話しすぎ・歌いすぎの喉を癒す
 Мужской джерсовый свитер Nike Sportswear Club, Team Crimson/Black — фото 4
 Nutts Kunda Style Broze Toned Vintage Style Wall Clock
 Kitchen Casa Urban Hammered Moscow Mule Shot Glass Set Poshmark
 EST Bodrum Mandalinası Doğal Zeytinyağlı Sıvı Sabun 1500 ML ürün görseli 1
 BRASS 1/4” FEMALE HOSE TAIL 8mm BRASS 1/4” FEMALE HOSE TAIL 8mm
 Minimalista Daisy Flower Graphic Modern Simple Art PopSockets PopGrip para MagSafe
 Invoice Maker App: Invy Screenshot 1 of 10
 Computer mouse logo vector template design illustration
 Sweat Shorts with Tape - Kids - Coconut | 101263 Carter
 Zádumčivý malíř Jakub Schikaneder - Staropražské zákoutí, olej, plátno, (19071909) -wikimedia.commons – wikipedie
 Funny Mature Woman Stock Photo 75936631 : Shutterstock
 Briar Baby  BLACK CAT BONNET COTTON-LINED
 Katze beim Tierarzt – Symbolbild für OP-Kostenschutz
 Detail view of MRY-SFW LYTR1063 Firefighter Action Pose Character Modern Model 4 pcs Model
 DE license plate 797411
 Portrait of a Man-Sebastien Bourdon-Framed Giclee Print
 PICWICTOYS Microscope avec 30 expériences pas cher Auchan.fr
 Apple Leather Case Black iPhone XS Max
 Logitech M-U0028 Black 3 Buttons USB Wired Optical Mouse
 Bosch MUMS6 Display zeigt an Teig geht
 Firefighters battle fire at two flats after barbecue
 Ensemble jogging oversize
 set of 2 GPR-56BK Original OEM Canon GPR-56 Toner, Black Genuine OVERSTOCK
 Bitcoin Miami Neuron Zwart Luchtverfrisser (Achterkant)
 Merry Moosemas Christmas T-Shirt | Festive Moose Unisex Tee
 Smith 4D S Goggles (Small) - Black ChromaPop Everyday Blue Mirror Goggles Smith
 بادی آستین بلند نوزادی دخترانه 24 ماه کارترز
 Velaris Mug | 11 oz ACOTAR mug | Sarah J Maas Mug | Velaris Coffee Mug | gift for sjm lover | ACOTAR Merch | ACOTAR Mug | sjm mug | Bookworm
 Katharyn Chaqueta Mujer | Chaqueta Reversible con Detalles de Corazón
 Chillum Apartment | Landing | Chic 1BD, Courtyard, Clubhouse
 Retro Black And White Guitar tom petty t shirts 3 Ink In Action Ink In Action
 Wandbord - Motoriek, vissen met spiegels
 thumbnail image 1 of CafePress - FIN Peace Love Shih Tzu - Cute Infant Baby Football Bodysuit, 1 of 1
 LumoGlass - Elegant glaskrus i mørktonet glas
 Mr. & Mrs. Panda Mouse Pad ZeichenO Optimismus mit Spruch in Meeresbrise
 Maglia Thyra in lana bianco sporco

+---+

Lines after the one containing "بادی آستین بلند نوزادی دخترانه 24 ماه کارترز" are not part of the task. Output the entries exactly from their first line through that one.

話しすぎ・歌いすぎの喉を癒す
 Мужской джерсовый свитер Nike Sportswear Club, Team Crimson/Black — фото 4
 Nutts Kunda Style Broze Toned Vintage Style Wall Clock
 Kitchen Casa Urban Hammered Moscow Mule Shot Glass Set Poshmark
 EST Bodrum Mandalinası Doğal Zeytinyağlı Sıvı Sabun 1500 ML ürün görseli 1
 BRASS 1/4” FEMALE HOSE TAIL 8mm BRASS 1/4” FEMALE HOSE TAIL 8mm
 Minimalista Daisy Flower Graphic Modern Simple Art PopSockets PopGrip para MagSafe
 Invoice Maker App: Invy Screenshot 1 of 10
 Computer mouse logo vector template design illustration
 Sweat Shorts with Tape - Kids - Coconut | 101263 Carter
 Zádumčivý malíř Jakub Schikaneder - Staropražské zákoutí, olej, plátno, (19071909) -wikimedia.commons – wikipedie
 Funny Mature Woman Stock Photo 75936631 : Shutterstock
 Briar Baby  BLACK CAT BONNET COTTON-LINED
 Katze beim Tierarzt – Symbolbild für OP-Kostenschutz
 Detail view of MRY-SFW LYTR1063 Firefighter Action Pose Character Modern Model 4 pcs Model
 DE license plate 797411
 Portrait of a Man-Sebastien Bourdon-Framed Giclee Print
 PICWICTOYS Microscope avec 30 expériences pas cher Auchan.fr
 Apple Leather Case Black iPhone XS Max
 Logitech M-U0028 Black 3 Buttons USB Wired Optical Mouse
 Bosch MUMS6 Display zeigt an Teig geht
 Firefighters battle fire at two flats after barbecue
 Ensemble jogging oversize
 set of 2 GPR-56BK Original OEM Canon GPR-56 Toner, Black Genuine OVERSTOCK
 Bitcoin Miami Neuron Zwart Luchtverfrisser (Achterkant)
 Merry Moosemas Christmas T-Shirt | Festive Moose Unisex Tee
 Smith 4D S Goggles (Small) - Black ChromaPop Everyday Blue Mirror Goggles Smith
 بادی آستین بلند نوزادی دخترانه 24 ماه کارترز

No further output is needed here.